Recently we found that there was some issue with our coordinator which didn’t get discovered to be part of the cluster and eventually we saw broker issues.
We also found supervisor tasks were failed due to unavailable coordinator node.
We found the issue “Cannot allocate enough memory”, thus update the process with the required Xms Xmx.
We restarted both coordinator and broker, after which we could see the data sources listed on the console.
Now, we see that the supervisor which resumed back with tasks, could succeed, but it took the latestoffset value from kafka topic.
Instead, it should have picked the offset wherein it left in the failed state.
We see that there was 1 week data loss and kafka indexing service didnt pick up offset where it had succeeded earlier.
Can you help here?
Your best bet might be to ingest from the earliest offset available.
See “auto.offset.reset”: https://kafka.apache.org/documentation/#consumerconfigs
Not sure if this will work, because the consumer will only use this config if it can’t find the current offset. Might be worth a shot, though.
Also is it possible you set a consumer group that is shared with others consumers that might have consumed the topic whereas your supervisor was off ?
I have the same problem. After a failed task, every messages read from Kafka by failed task are lost. I didn’t try with earliest auto offset reset, but reading kakfa documentation it seems that consumers begin to read from the oldest message found in topic, that is it re-read all the messages, also messages already loaded in Druid.
Instead it should begin from latest successful offset loaded in Druid, not from latest offset read. Is it possible ?
With the introduction of supervisor, zookeeper no longer keeps track of consumer offsets.
When tried to checking the consumer group for druid-, there was no value at the zookeeper end.
As per the latest supervisor datasource status in druid, i see it matches the latest offset with kafka topic offset.
I tried setting up the supervisor datasource to get earliest offset, by updating its spec with useEarliestoffset:true option.
My understanding is that, druid will avoid duplication of data due to the timestamp value in the message.
I did see the immediate request showed up the earliest offset considered in the supervisor/datasource status page, but concurrent requests didnt showed any increments.

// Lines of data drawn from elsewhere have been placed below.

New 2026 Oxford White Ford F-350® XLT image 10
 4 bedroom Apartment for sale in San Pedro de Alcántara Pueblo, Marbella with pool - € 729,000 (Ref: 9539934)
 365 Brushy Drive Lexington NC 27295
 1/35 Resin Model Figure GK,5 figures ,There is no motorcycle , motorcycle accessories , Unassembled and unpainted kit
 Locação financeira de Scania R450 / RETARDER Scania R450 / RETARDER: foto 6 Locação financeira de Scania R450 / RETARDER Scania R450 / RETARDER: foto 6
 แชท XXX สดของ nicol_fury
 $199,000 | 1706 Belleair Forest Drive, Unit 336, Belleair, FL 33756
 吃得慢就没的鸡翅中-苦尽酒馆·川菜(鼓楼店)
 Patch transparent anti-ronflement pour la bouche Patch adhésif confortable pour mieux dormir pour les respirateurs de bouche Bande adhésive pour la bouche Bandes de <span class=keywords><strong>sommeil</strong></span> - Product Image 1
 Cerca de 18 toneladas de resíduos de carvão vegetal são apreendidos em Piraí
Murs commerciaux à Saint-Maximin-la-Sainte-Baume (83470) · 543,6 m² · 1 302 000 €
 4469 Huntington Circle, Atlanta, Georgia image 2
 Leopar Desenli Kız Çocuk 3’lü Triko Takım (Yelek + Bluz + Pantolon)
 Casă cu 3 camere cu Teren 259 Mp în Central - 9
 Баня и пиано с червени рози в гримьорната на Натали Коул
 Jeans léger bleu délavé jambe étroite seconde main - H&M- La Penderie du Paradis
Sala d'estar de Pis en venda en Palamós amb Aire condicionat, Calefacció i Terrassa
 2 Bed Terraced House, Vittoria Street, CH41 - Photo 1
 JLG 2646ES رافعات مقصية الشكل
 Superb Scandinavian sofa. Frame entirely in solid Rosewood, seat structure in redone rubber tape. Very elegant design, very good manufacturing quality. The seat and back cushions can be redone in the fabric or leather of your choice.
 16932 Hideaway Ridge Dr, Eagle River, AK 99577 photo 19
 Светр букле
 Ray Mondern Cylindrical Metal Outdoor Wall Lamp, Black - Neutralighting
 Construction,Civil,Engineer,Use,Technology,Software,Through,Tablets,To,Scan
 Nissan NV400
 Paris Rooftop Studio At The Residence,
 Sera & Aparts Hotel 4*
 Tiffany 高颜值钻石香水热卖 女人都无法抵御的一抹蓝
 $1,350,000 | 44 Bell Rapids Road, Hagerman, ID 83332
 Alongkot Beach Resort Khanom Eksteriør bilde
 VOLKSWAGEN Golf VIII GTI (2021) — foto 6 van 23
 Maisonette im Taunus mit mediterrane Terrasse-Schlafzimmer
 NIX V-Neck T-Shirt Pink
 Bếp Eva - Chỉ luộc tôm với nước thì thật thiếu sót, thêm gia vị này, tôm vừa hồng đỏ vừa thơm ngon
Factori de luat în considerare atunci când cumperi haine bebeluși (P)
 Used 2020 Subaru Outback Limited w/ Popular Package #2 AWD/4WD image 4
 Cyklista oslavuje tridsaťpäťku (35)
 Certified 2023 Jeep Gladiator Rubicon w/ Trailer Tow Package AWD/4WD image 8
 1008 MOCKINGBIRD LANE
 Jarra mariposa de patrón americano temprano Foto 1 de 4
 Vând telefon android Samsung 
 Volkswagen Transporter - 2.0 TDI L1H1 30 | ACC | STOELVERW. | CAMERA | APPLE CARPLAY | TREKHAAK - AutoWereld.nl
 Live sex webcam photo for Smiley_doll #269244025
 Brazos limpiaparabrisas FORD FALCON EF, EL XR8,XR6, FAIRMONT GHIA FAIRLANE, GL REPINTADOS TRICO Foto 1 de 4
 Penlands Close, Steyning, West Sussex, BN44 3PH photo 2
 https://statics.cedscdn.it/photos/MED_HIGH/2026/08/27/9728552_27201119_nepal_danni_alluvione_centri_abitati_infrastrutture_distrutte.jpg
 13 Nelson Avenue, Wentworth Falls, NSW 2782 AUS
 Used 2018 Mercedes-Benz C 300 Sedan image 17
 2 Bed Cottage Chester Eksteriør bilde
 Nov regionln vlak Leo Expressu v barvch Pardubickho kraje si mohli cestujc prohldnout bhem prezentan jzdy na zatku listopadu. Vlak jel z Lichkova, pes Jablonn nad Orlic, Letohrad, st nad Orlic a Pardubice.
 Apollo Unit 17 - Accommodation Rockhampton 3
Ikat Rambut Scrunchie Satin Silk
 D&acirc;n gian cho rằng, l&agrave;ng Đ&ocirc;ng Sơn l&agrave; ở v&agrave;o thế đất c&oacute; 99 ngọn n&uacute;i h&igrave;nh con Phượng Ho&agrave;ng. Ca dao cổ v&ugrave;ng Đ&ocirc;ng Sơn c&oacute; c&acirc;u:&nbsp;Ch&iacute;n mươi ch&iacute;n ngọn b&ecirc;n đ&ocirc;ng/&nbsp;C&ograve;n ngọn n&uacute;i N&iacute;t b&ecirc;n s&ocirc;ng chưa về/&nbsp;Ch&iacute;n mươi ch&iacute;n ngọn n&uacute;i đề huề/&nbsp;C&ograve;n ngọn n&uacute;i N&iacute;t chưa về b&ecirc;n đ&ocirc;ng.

I am not sure,if it could read all the missed messages between the offsets, in one index task?
Also, coordinator console for this datasource didnt show up any latest shards/segments loaded after 15th May, this gets me into question if the task passed, why they arent updated ?
How to do the backfill for the missed kafka messages?
Thus, i am still not sure what are the steps to get the supervisor work better and get the ingestion into historicals for querying.